WHAT YOU SHOULD DO:
Each line in the listing below that contains "Galaxy" should be returned.

RECORD SET:
==*==
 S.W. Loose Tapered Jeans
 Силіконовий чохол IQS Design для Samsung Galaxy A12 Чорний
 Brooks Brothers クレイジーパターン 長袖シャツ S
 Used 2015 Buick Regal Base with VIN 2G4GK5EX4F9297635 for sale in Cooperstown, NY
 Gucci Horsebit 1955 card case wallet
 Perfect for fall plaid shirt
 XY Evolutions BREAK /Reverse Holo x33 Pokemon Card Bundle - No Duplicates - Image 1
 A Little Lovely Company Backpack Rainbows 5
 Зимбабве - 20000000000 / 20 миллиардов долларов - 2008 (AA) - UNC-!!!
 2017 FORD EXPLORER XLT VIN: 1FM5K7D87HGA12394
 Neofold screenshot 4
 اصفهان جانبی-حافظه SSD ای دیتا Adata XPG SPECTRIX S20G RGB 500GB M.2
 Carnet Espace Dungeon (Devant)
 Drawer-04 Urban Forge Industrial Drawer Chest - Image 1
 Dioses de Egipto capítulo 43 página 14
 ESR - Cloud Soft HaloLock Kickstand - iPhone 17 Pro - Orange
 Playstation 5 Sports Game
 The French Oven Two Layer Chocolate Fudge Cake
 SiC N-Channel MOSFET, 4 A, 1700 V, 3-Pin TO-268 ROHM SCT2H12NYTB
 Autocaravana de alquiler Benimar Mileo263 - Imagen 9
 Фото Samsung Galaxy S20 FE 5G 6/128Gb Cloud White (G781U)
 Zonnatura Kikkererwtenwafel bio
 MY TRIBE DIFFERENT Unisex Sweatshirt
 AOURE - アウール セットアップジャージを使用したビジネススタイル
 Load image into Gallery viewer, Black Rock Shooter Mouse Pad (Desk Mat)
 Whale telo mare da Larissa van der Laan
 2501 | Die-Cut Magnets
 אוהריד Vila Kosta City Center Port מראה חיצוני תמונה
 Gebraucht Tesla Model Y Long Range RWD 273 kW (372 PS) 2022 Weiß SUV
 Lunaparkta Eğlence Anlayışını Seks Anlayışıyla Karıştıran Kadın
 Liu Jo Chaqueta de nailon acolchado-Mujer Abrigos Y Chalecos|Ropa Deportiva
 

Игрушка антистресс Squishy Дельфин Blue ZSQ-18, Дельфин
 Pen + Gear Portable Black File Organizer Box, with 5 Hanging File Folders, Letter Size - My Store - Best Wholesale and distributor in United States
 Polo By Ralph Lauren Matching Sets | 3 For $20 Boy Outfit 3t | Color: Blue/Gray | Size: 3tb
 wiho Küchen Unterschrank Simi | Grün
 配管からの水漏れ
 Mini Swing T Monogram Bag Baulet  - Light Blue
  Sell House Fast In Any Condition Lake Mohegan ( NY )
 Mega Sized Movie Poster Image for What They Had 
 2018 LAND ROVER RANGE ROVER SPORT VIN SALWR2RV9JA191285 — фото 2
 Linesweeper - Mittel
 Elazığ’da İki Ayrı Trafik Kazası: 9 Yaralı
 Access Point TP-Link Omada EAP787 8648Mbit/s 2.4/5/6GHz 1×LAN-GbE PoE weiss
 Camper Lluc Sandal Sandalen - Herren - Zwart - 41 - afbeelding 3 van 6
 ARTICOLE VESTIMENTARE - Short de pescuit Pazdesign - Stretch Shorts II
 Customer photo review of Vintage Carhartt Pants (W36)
==*==
REPLY TO THE EXERCISE:
 Силіконовий чохол IQS Design для Samsung Galaxy A12 Чорний
 Фото Samsung Galaxy S20 FE 5G 6/128Gb Cloud White (G781U)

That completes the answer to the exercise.